Il en est de même des relations qu'elles peuvent avoir
entre elles, jusqu'à composer une véritable
image du monde.
Les
jeunes étudiants, en sciences et aussi en lettres,
dont on peut espérer qu'ils n'ont pas dès
le début renoncé pour raisons alimentaires
à toute problématique un peu transdisciplinaire
ou plutôt supradisciplinaire, devraient en tous cas
trouver dans le livre, au contact des esprits distingués
qui l'ont écrit, matière à penser et
à découvrir.
La suite
de leur carrière devrait s'en trouver enrichie considérablement,
dans un monde où ne survivront que ceux capables
de sortir des habitudes de penser actuelles pour tenter
de s'attaquer aux innombrables problèmes nouveaux
générés par l'évolution, peut-être
catastrophique si rien n'est fait, d'une planète
en proie à de désastreuses luttes d'intérêts.
Notes
1) J'ai personnellement hier même fait l'expérience
en prêtant Mondes Mosaïques à un informaticien
musulman de ma connaissance, bon professionnel. Celui ci
se dit « très pieux » et « fait
la prière 5 fois par jour ». Le livre
à peine ouvert il me l'a rendu au prétexte
que « le Prophète n'avait jamais dit de
telles choses ». Manifestement, il tenait pour
vérité inébranlable ce qu'il croyait
savoir des paroles du Prophète. JPB.
2) Une mosaïque est composée de fragments de
pierre colorées, d'émail, de verre, de pierre
ou de céramique, assemblés pour former des
motifs ou des figures. Quel que soit le matériau
utilisé, ces fragments sont appelés des tesselles.

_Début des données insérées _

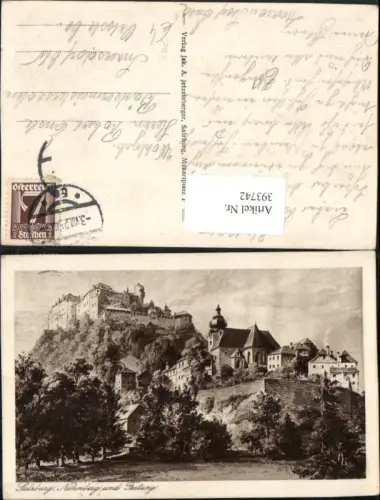 393742,Künstler AK F. Kulstrunk Salzburg Nonnberg u. Festung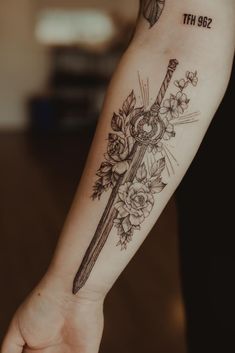 Skyrim Forearm Tattoo, Dawnbreaker Skyrim Tattoo, Skyrim Inspired Tattoos, Regal Tattoos, Dawnbreaker Tattoo, Skyrim Tattoo Ideas, Skyrim Swords, Skyrim Tattoo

Les tesselles, elles-mêmes un peu différentes
les unes des autres, sont assemblées pour produire
des figures différentes. Celles-ci peuvent être
regroupées en motifs plus généraux,
de plus en plus nombreux et complexes si l'artiste le souhaite,
jusqu'à composer de véritables univers virtuels,
comme dans l'art antique ou byzantin.